Exclude pictures; retype the lines below from the line containing "Let's use one" through the end of the records, both ends kept.

━━━━━ RECORDS FOR THIS EXERCISE ━━━━━

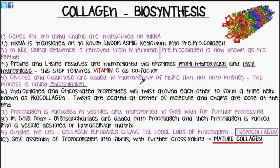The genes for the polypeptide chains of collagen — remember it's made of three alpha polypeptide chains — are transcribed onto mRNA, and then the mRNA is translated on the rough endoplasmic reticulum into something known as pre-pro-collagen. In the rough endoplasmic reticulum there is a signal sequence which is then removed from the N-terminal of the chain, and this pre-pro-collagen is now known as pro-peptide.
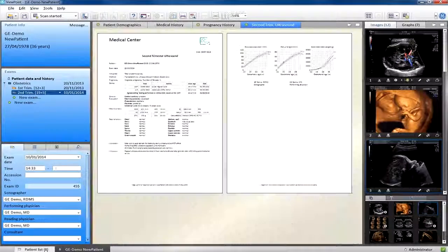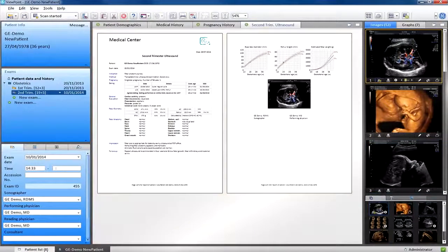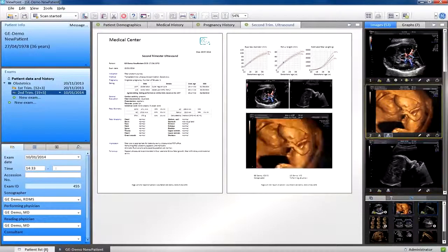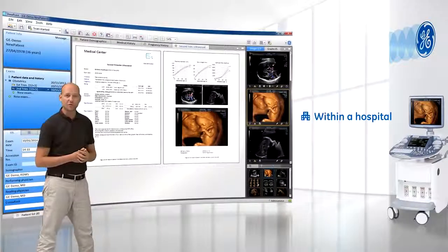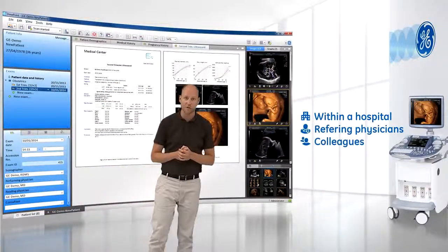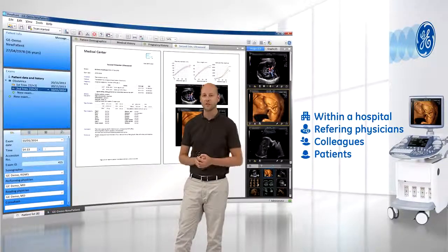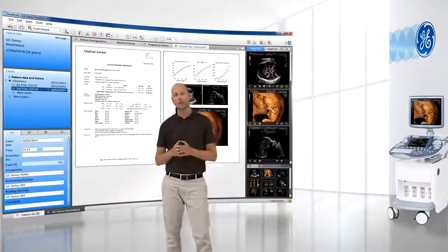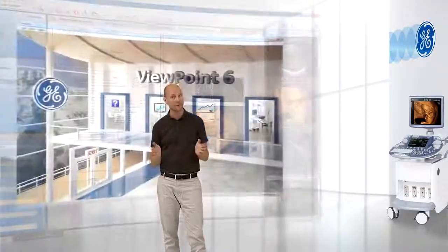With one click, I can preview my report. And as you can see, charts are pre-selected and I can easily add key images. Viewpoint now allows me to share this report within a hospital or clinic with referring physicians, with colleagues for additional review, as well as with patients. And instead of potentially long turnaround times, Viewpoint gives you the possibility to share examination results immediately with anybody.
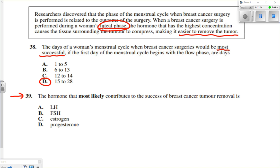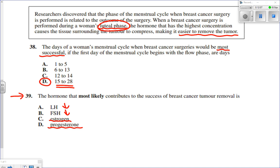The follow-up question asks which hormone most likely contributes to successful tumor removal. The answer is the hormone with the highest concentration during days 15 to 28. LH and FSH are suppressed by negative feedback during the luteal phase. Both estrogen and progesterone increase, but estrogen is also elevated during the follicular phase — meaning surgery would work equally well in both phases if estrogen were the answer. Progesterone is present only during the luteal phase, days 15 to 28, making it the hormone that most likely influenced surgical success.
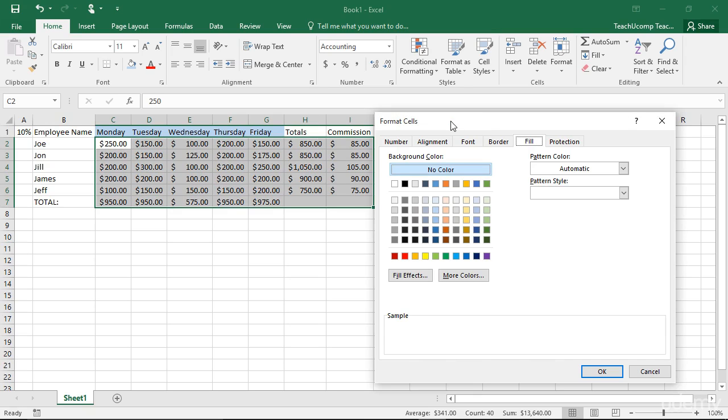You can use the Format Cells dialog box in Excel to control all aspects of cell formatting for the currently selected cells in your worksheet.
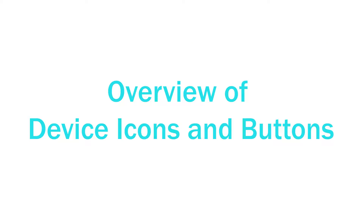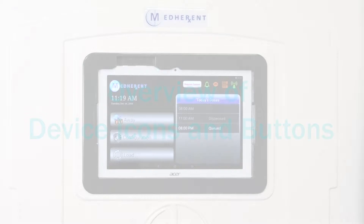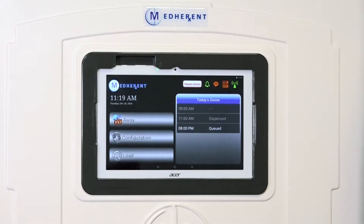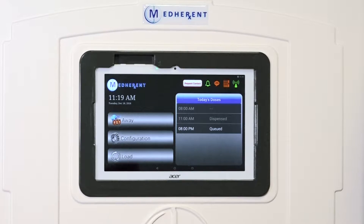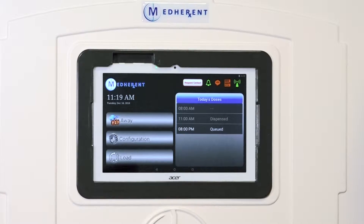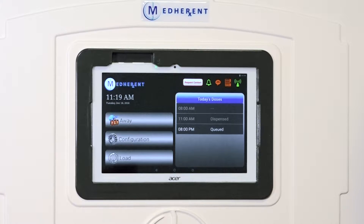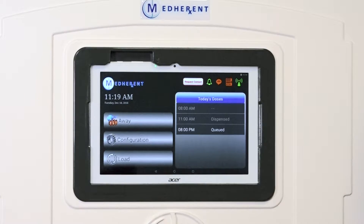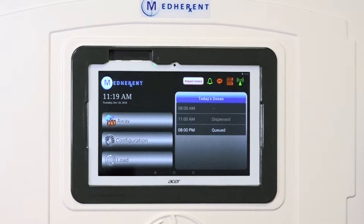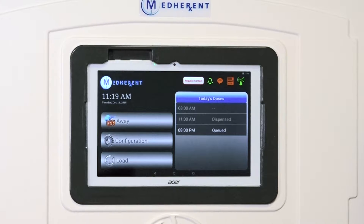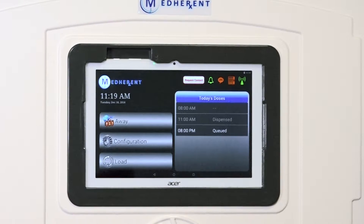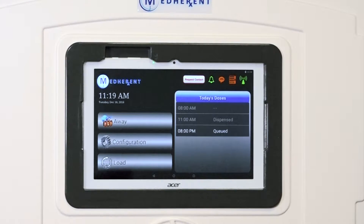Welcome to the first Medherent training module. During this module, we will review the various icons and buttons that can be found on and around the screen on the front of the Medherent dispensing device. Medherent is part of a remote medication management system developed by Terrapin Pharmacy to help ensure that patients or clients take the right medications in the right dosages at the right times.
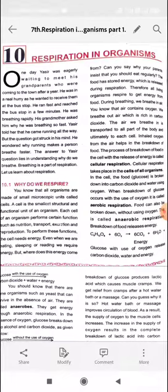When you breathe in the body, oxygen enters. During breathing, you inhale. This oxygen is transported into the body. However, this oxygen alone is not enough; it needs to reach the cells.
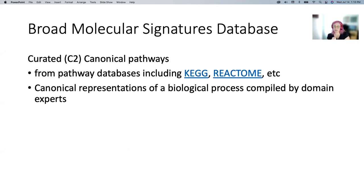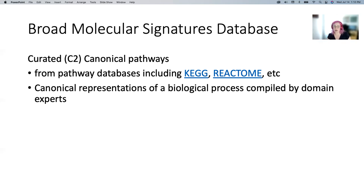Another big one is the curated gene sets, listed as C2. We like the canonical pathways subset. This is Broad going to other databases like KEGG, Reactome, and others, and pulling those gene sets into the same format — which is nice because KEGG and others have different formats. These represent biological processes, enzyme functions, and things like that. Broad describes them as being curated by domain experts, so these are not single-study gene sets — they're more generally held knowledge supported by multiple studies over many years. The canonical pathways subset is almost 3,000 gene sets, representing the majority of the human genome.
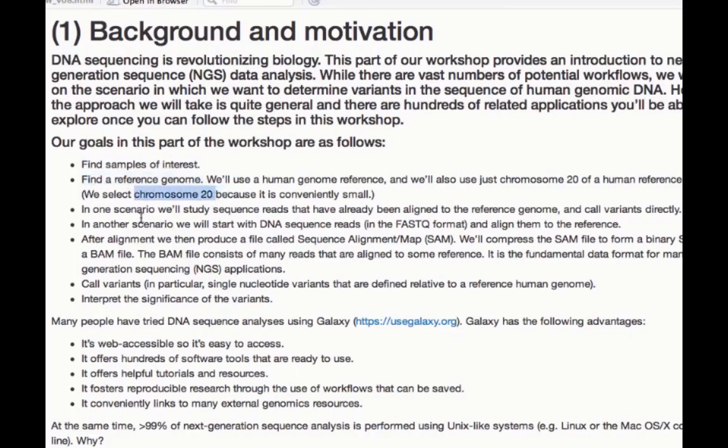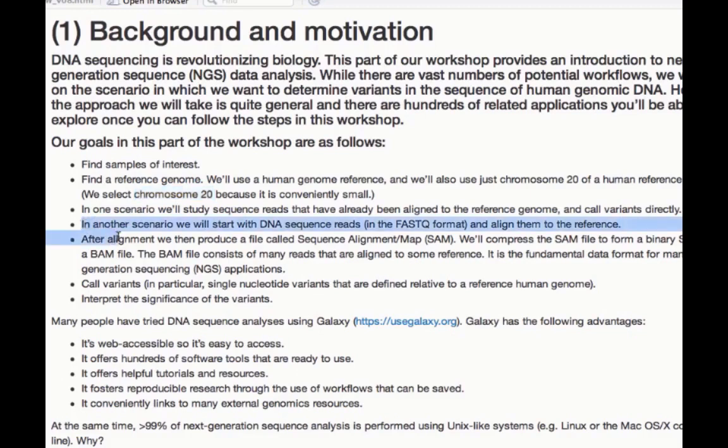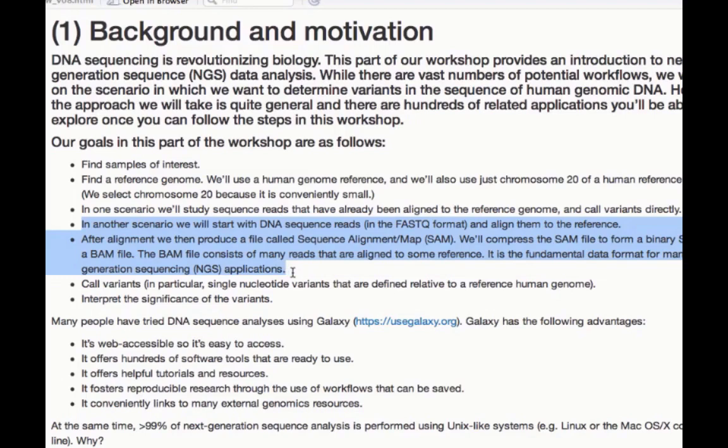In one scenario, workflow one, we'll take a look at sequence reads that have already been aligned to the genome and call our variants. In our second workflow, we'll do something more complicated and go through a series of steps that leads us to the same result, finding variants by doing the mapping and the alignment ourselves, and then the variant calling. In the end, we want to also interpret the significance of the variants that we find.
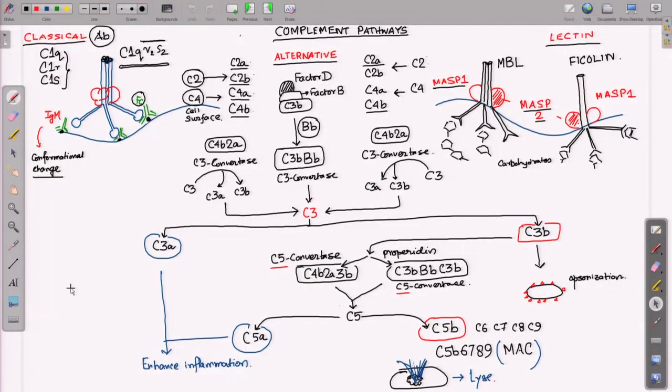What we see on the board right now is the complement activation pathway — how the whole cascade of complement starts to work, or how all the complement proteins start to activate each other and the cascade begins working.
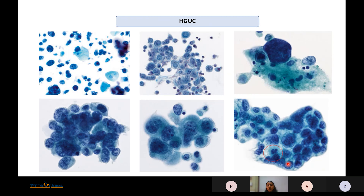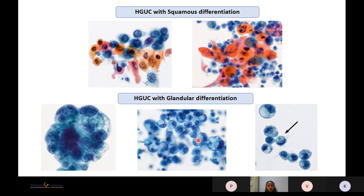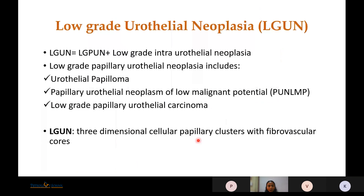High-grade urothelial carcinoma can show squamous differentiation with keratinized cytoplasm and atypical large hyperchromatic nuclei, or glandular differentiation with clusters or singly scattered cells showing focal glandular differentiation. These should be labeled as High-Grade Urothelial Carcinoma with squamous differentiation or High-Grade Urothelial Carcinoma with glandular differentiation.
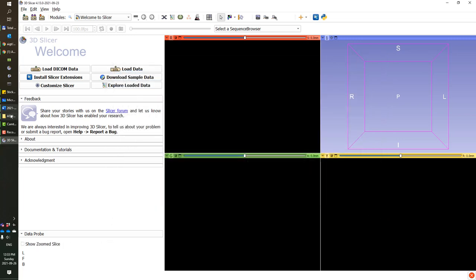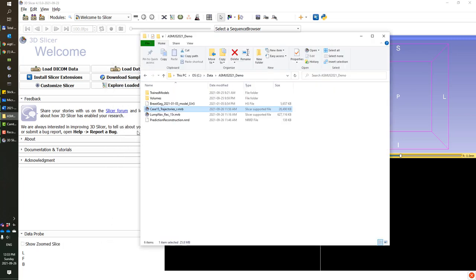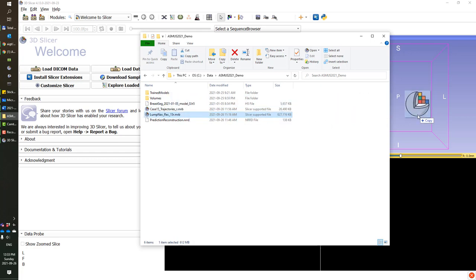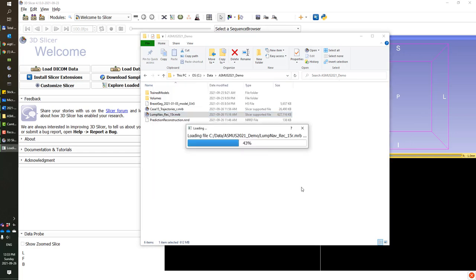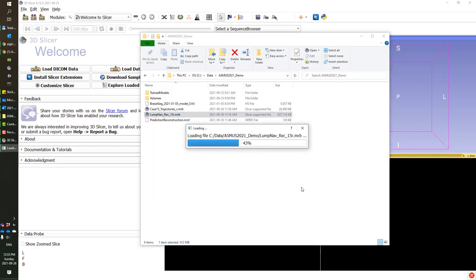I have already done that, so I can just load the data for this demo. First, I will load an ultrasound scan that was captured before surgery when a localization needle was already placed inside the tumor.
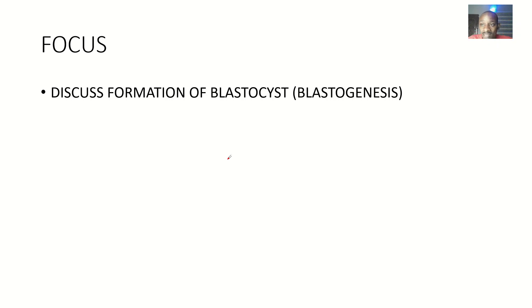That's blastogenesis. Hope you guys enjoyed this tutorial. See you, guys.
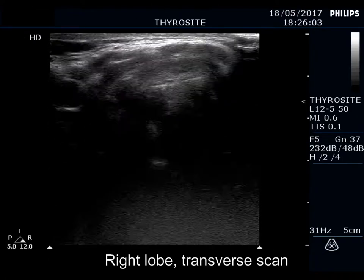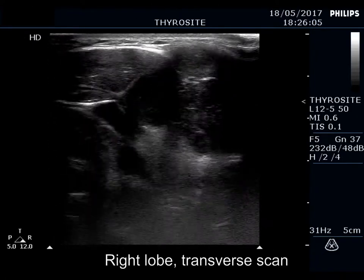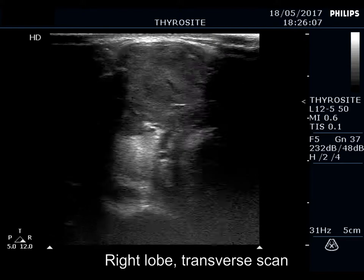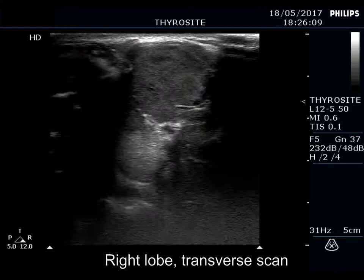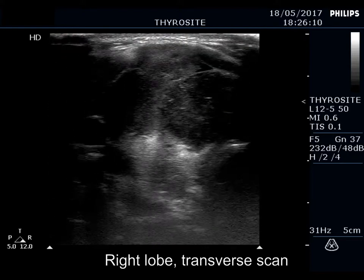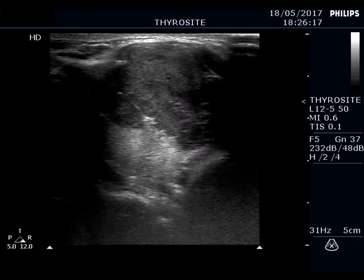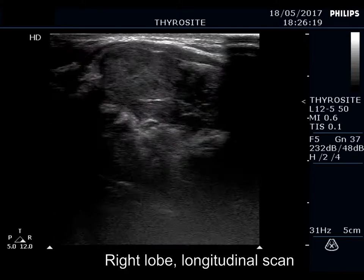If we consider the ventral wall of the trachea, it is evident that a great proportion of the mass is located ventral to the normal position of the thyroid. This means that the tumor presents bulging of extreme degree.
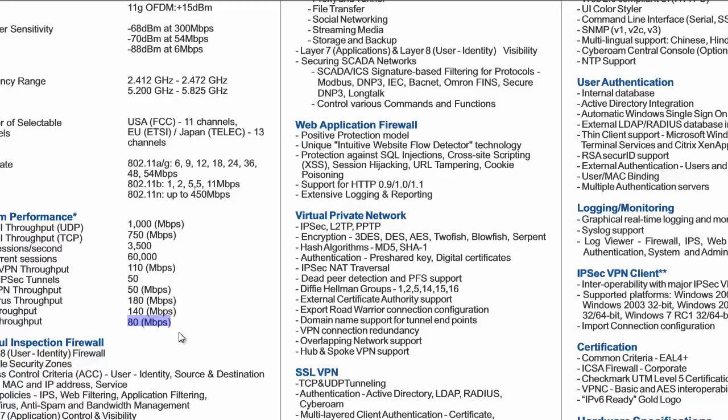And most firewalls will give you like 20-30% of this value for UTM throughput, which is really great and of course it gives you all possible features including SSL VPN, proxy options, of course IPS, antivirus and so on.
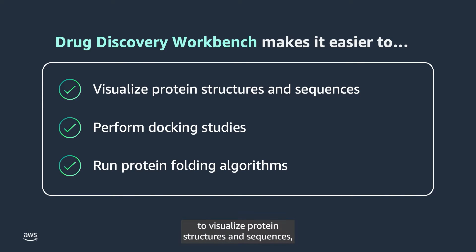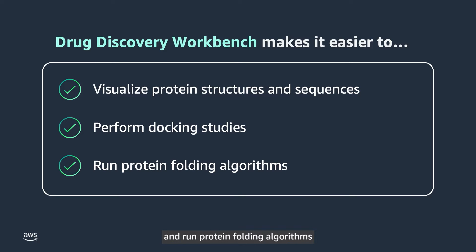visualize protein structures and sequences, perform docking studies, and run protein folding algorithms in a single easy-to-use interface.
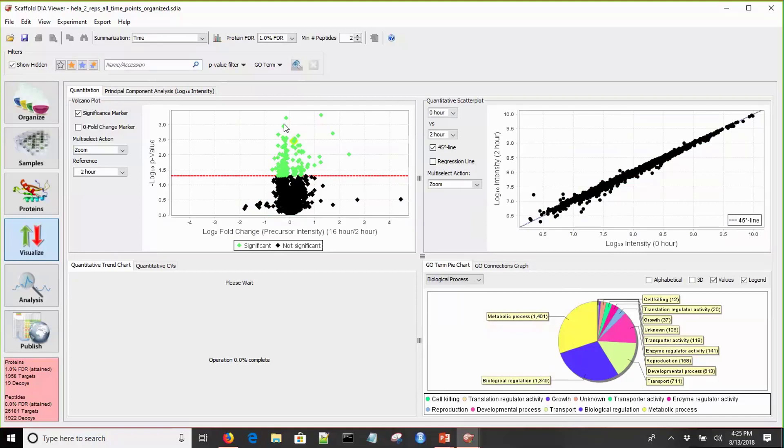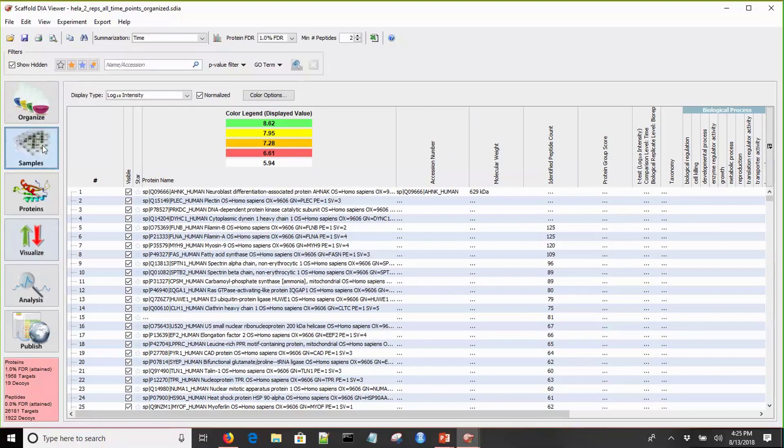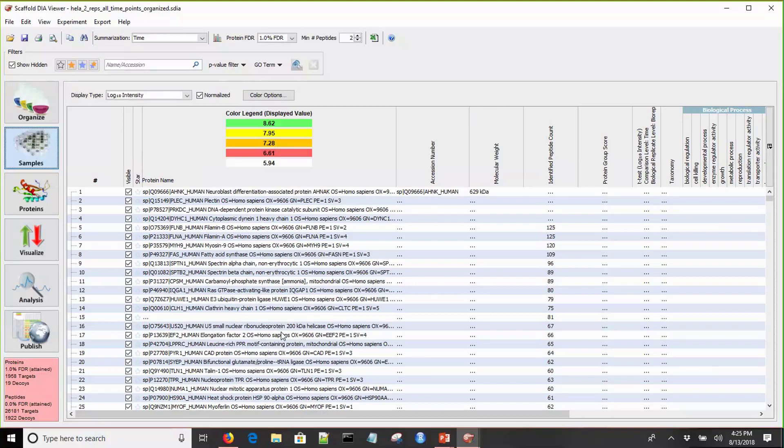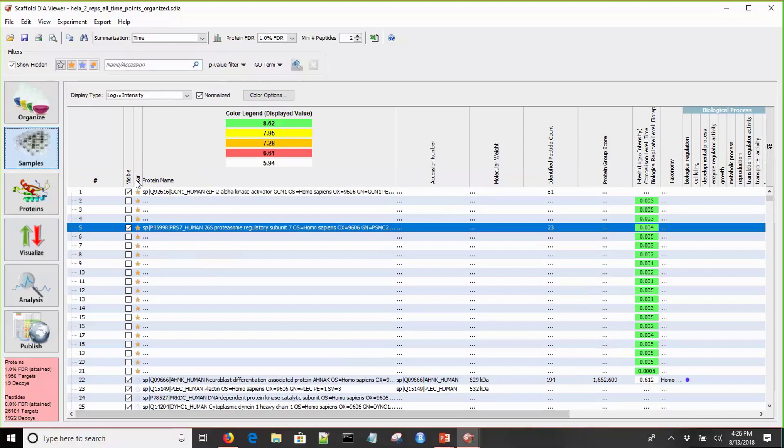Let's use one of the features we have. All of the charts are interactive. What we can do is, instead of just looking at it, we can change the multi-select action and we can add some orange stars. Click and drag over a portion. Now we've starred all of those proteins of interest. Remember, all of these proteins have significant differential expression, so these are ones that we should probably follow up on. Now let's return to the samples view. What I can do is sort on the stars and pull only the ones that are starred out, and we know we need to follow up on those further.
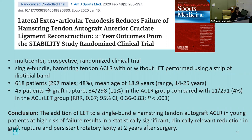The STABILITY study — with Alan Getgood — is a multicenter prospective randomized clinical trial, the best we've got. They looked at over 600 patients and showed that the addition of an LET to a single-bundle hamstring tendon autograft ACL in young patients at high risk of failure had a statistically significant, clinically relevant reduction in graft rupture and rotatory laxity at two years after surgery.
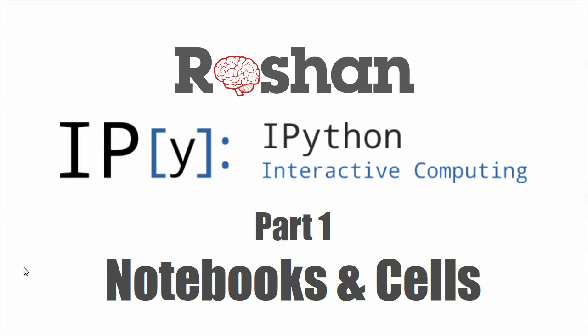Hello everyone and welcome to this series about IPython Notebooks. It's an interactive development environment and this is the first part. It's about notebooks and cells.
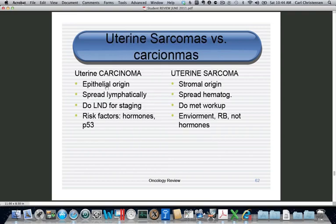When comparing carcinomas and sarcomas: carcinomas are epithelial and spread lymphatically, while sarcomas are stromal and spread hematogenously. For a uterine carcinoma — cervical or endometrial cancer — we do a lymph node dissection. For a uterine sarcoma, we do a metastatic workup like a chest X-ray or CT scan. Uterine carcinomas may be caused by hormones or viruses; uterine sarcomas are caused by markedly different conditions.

━━━━━

TASK SOLUTION —
Let's use one of the features we have. All of the charts are interactive. What we can do is, instead of just looking at it, we can change the multi-select action and we can add some orange stars. Click and drag over a portion. Now we've starred all of those proteins of interest. Remember, all of these proteins have significant differential expression, so these are ones that we should probably follow up on. Now let's return to the samples view. What I can do is sort on the stars and pull only the ones that are starred out, and we know we need to follow up on those further.
The STABILITY study — with Alan Getgood — is a multicenter prospective randomized clinical trial, the best we've got. They looked at over 600 patients and showed that the addition of an LET to a single-bundle hamstring tendon autograft ACL in young patients at high risk of failure had a statistically significant, clinically relevant reduction in graft rupture and rotatory laxity at two years after surgery.
Hello everyone and welcome to this series about IPython Notebooks. It's an interactive development environment and this is the first part. It's about notebooks and cells.
When comparing carcinomas and sarcomas: carcinomas are epithelial and spread lymphatically, while sarcomas are stromal and spread hematogenously. For a uterine carcinoma — cervical or endometrial cancer — we do a lymph node dissection. For a uterine sarcoma, we do a metastatic workup like a chest X-ray or CT scan. Uterine carcinomas may be caused by hormones or viruses; uterine sarcomas are caused by markedly different conditions.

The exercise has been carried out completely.